A re-signed player or a free agent/trade acquisition would naturally decrease the amount of flex in play with Rule 5 protection. Most likely the Rockies will consider adding a veteran non-roster invitee like Chris Owings, Elias Diaz, Drew Butera, Tim Collins, or even Ubaldo Jimenez to their 26-man roster to start the 2020 season and fill their currently vacant 40-man slot. They could also use that slot on a 2019 Rockies pitcher like Harrison Musgrave, Tim Melville, Joe Harvey, or Wes Parsons.
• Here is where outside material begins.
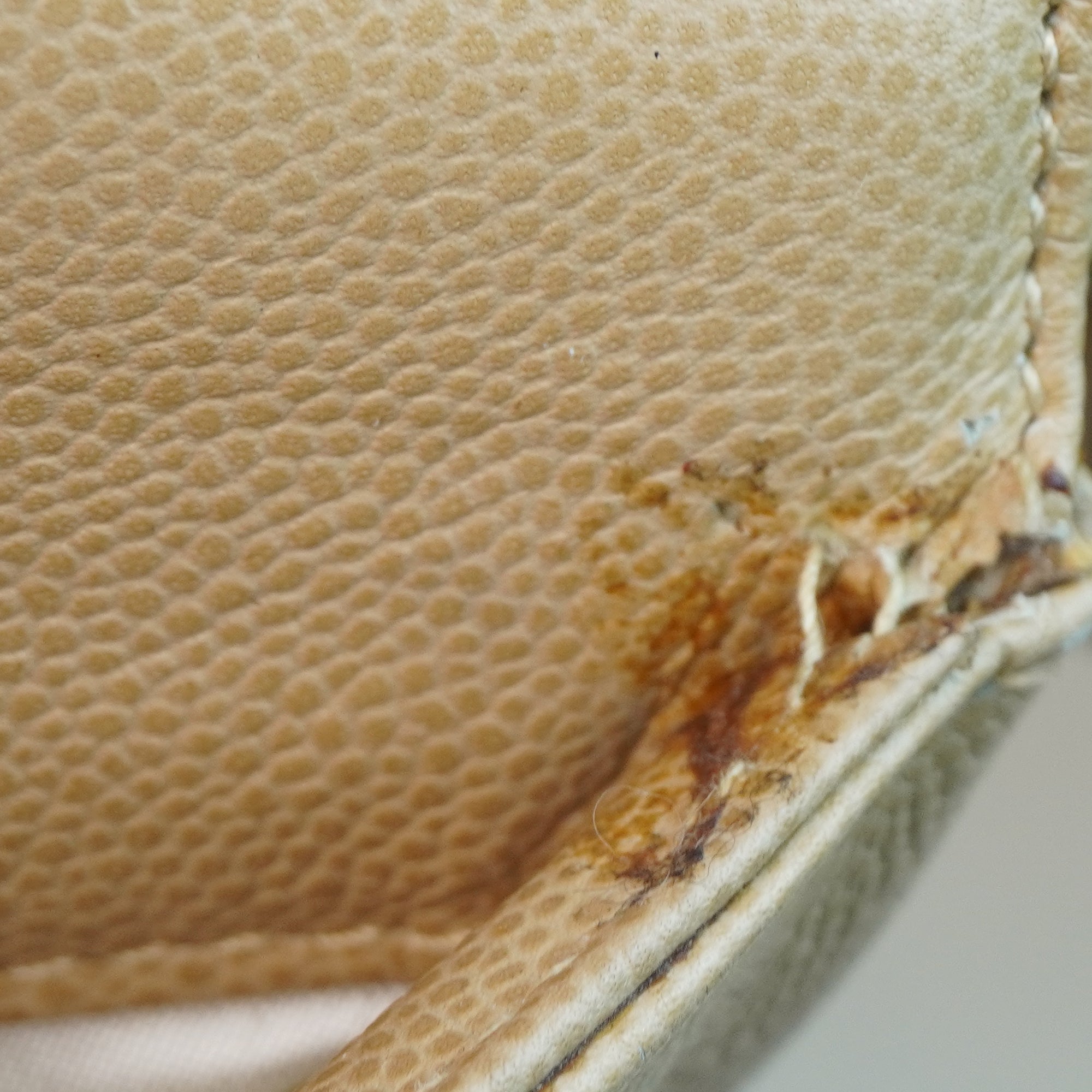 PRE-OWNED CC Beige Caviar Leather Turnlock Tote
Here’s how I would rank other prospects in terms of getting a 40-man spot after 2020:

  1. Helcris Olivarez
  2. Riley Pint (if he’s great this year, he jumps into the likely future bucket)
  3. Reid Humphreys
  4. Vince Fernandez
  5. Bret Boswell
  6. Alan Trejo
  7. Breiling Eusebio
  8. Brian Mundell (or will be MiLB free agent)
  9. Julian Fernandez
  10. Casey Golden
  11. Daniel Montano
  12. Sean Bouchard

I would say Olivarez in particular should feel good about getting protected, with the next three beyond that being strong possibilities. I listed 13 players here last time around and Goudeau wasn’t one of them, so somebody from off this list could make a surprise appearance. I think the bottom 15 or so slots on the 40-man are quite fluid at this point, so we could see a big roster shake-up if 2020 looks more like 2019 for the Rockies.

That’s one man’s opinion for what the future will look like. I’d love to read yours in the comments! Thanks for following along with me over the last couple months.